Undeterred, they rebuilt their town and it’s now a prosperous community. There is commercial fishing, tourism, and a liquid natural gas plant.
- Despite its location 500 miles (800 km) inside the Arctic Circle, Hammerfest has an ice-free harbour. It is warmed (although warmed is a relative term for a place that only has five months of each year where the average temperature is above the freezing point) by the remnants of the Gulf Stream.
- In the spring of 2008, a 300 kg German mine was found on the seabed just outside Hammerfest harbour. Captain Bjarte Haugsvær, who was in charge of blowing it up, said there are probably still a lot of unexploded weapons in the area.
- The American travel writer Bill Bryson went to Hammerfest in 1990 to view the Northern Lights. In his book Neither Here Nor There, Bryson wrote rather ungraciously that the place was “an agreeable enough town in a thank-you-God-for-not-making-me-live-here sort of way.”
- Hammerfest has a bit of a reindeer problem. Thousands of the animals migrate through the town each year on their way to their summer territory. They wander about dropping dung and urine that has to be cleaned up. While popular with tourists, the locals are not so fond of them.
- “The Norwegian Town the World Tried to Erase.” Mike MacEacheran, BBC Travel, December 4, 2017.
- “Hammerfest, Norway: Phoenix of the Far North.” Susan Zimmerman, Historynet, September 30, 2010.
- “Hammerfest.” Visit Norway.com, undated.
- “German Mine of 300 Kilos Blown.” Terje I. Olsson, iFinnmark, June 9, 2008.
© 2018 Rupert Taylor
Ann Carr from SW England on April 29, 2018:
Great story! Gravel roads and snow storms are enough to put you off but I'm glad you like Norway too.
Mary Norton from Ontario, Canada on April 28, 2018:
It is interesting to learn of the damage done to one of the tiny villages in Norway and how it has recovered. I like what you call it: The Town that Will not Die. It is good to know they are doing well today.

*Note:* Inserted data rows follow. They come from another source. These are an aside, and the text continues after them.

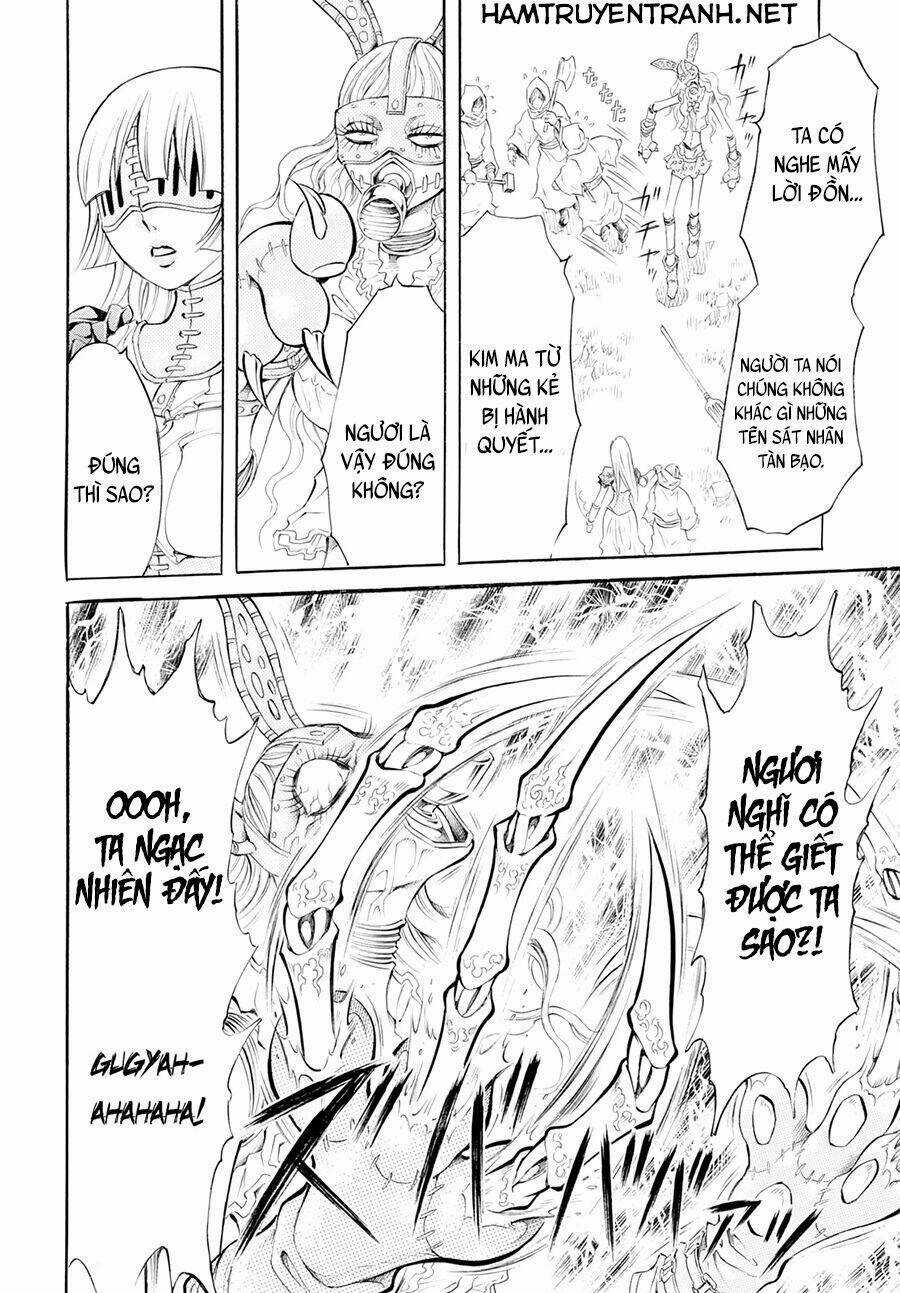 Iron Ghost No Shoujo Chapter 2 trang 10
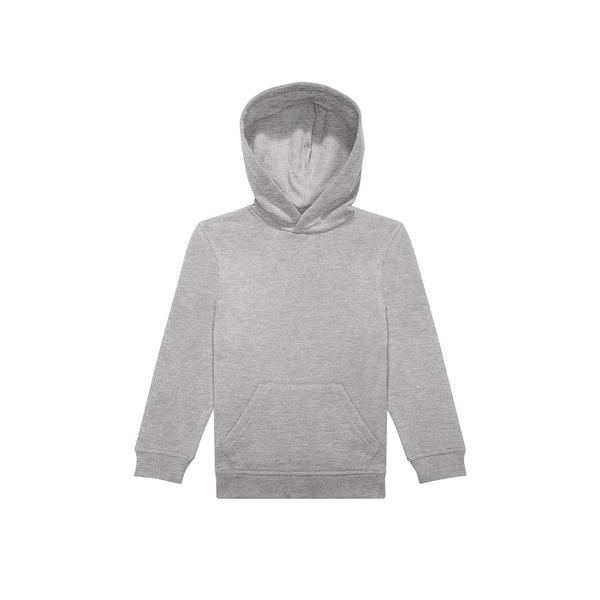 Sweat-shirt capuche ID.333 enfants Sport Grey B&C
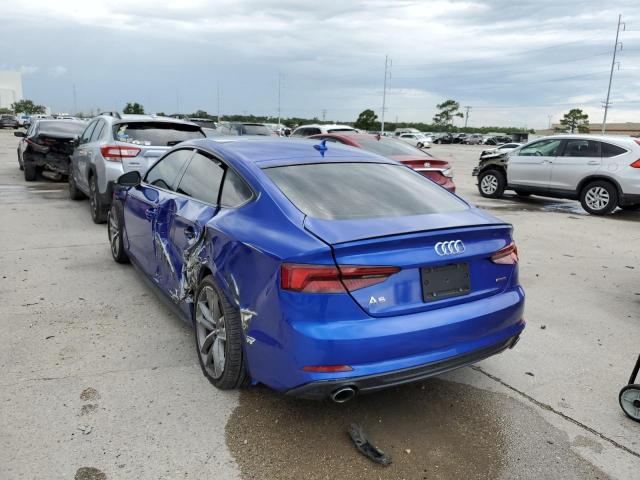 Photo 3 from auction – 2019 AUDI A5 PRESTIG with VIN WAUFNCF58KA017803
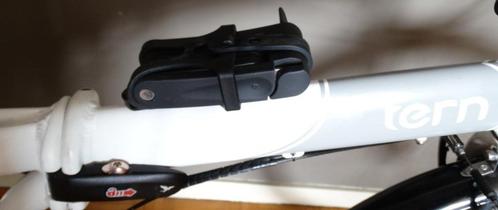 Tern Node D7i, Fietsen en Brommers, Fietsen | Vouwfietsen, Zo goed als nieuw, 20 inch of meer, Totaal opvouwbaar, Ophalen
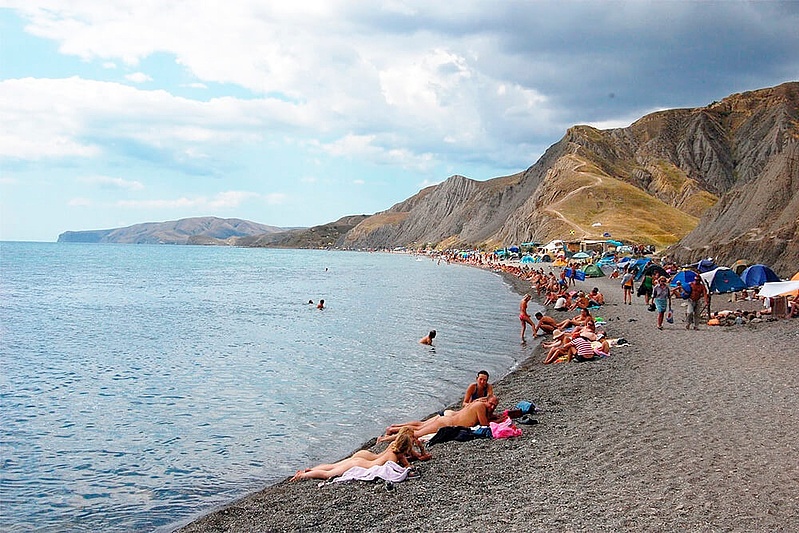 Коктебель нудистский пляж фото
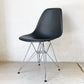 ハーマンミラー Herman Miller サイドシェルチェア ポリプロピレン製 ブラック エッフェルベース C&R イームズ ミッドセンチュリー B ★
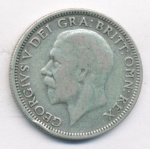 Великобритания 1 шиллинг, 1934 (Шиллинг. Великобритания. 1934)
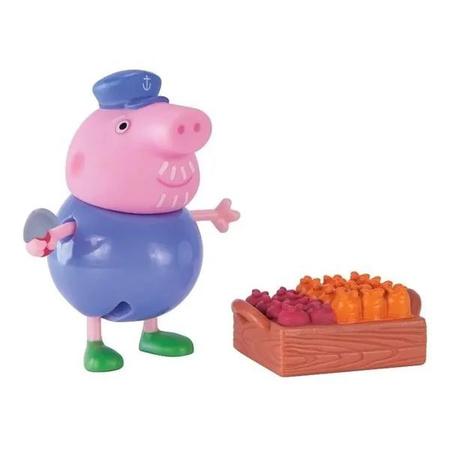 Imagem de Peppa Pig com Acessórios Vovô Jardineiro - Sunny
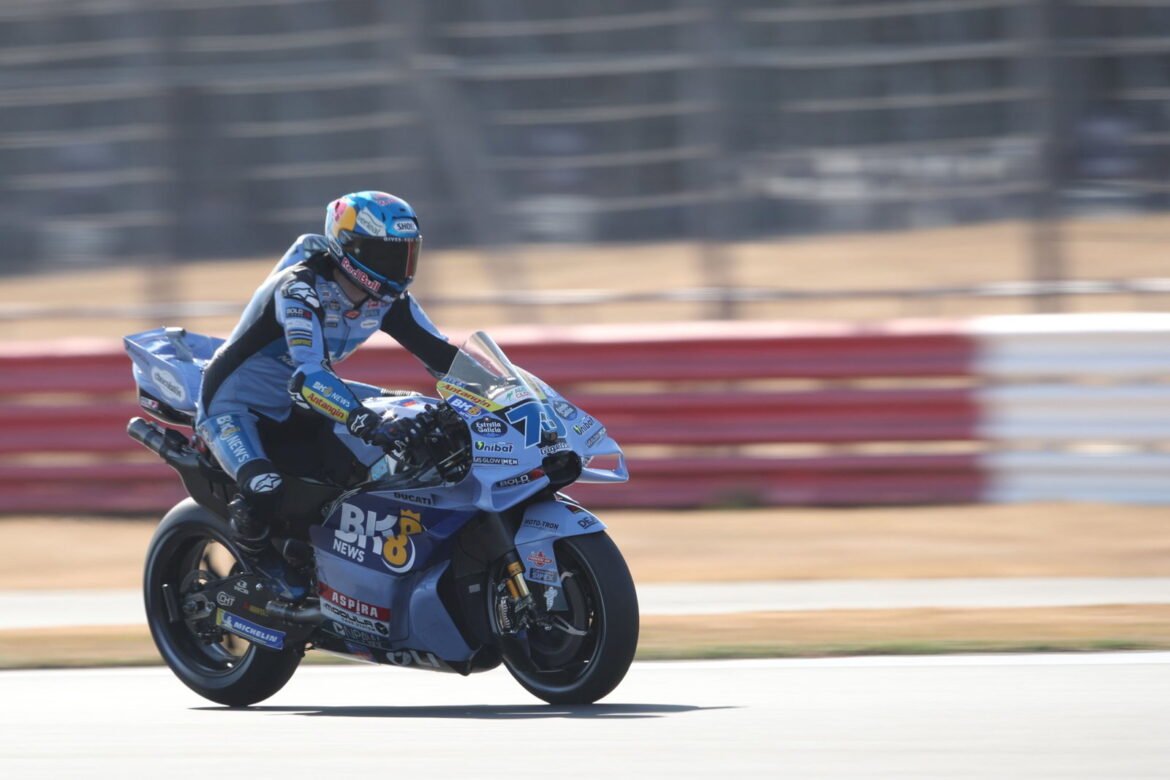 Alex Marquez ainda apresenta limitações físicas após a pausa de verão da MotoGP
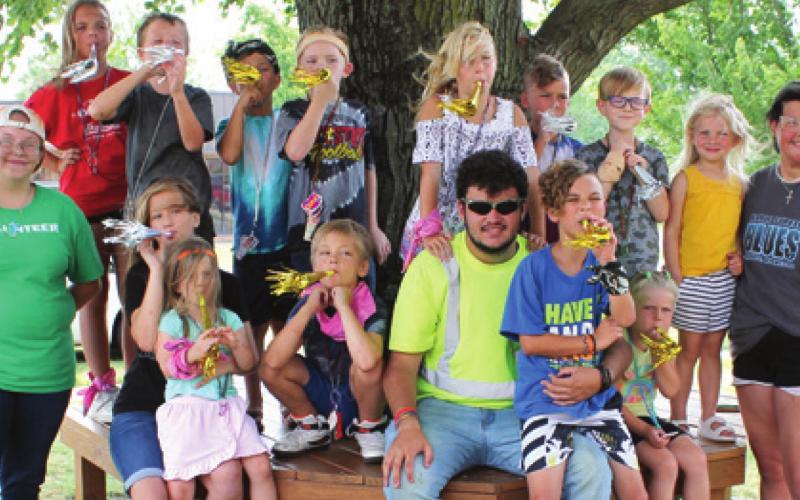 Area pastors portray Bible heroes at VBS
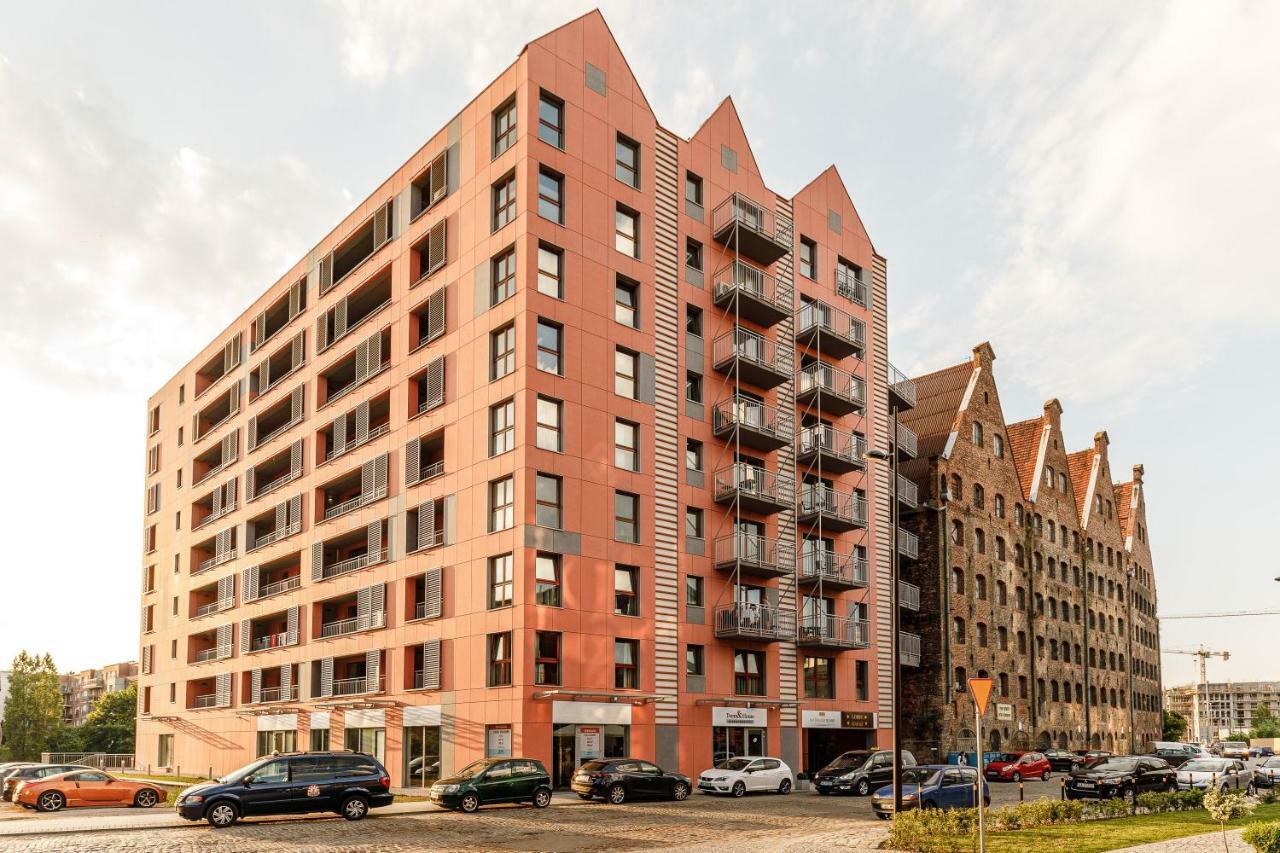 Waterlane Island _ Unique Apartment Gdansk Exterior foto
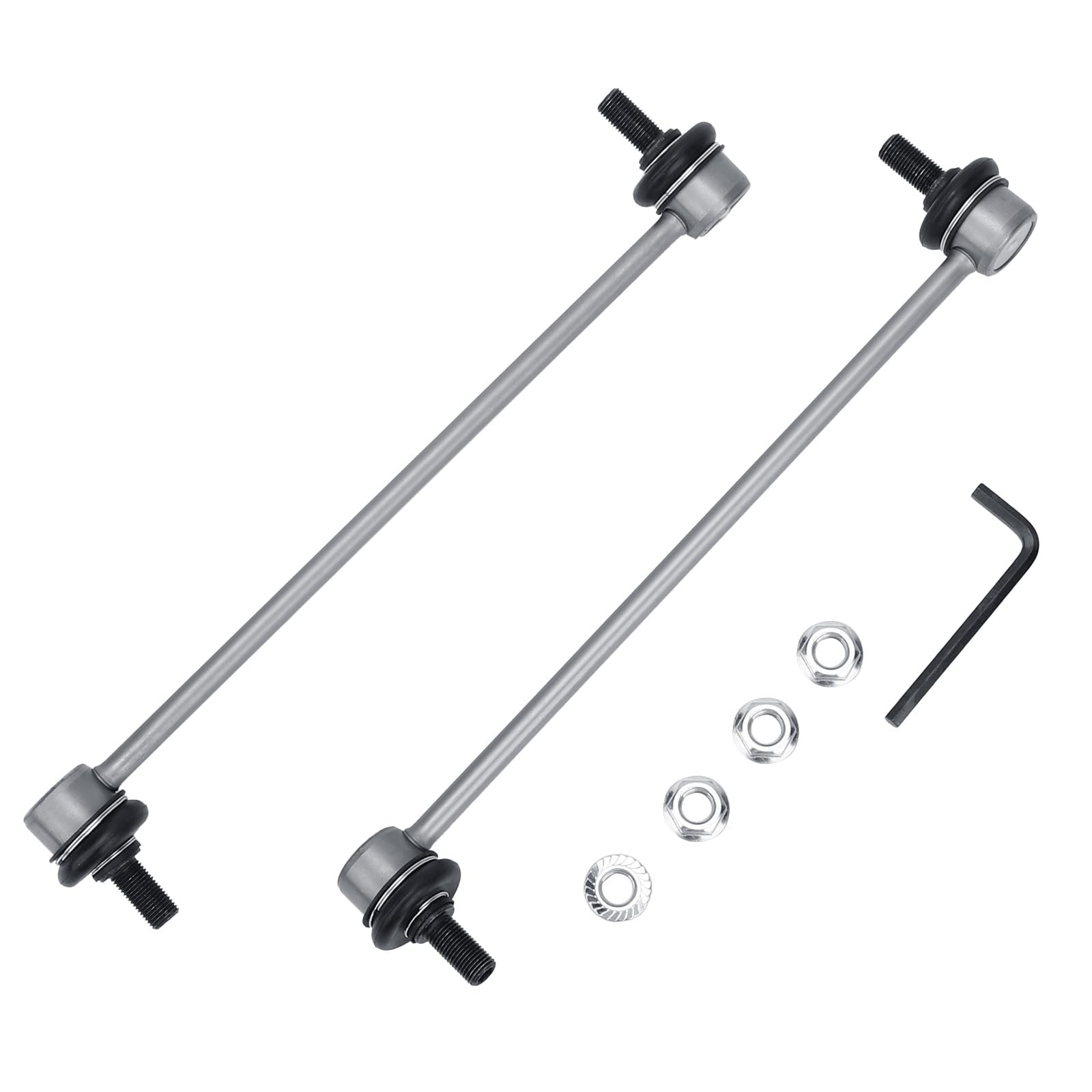 K7258 Zinc-Nickel Alloy Front Stabilizer Sway Bar Links for 96-19 Grand Caravan 96-07 Dodge Caravan 04-08 Pacifica Voyager 96-16 Chrysler Town & Country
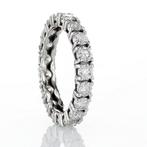 Zonder minimumprijs - Eeuwigheidsring - 14 karaat Witgoud -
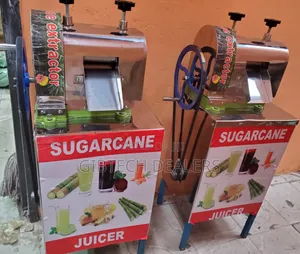 Manual/Electric Sugarcane Crusher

Rupert Taylor (author) from Waterloo, Ontario, Canada on April 28, 2018:
Hi Ann. Thanks for your kind comments. A thousand years ago (1968) I drove north up the coast of Norway from Bergen. I was heading for Trondheim when a stone from an approaching car shattered by windscreen ( it was the main road but it was still gravel surfaced). The nearest dealer for the model I was driving was in Lillehammer so I turned right and headed east in a snowstorm. It was. of course, July.
Loved Norway though.
Ann Carr from SW England on April 28, 2018:
This is a fascinating account of the place and its history. I love Norway and have been as far as Tromso and Alta, to see the Northern Lights which of course were spectacular. I'd like to go back to explore some more and this place will definitely be on my list now. Thank you for sharing it with us.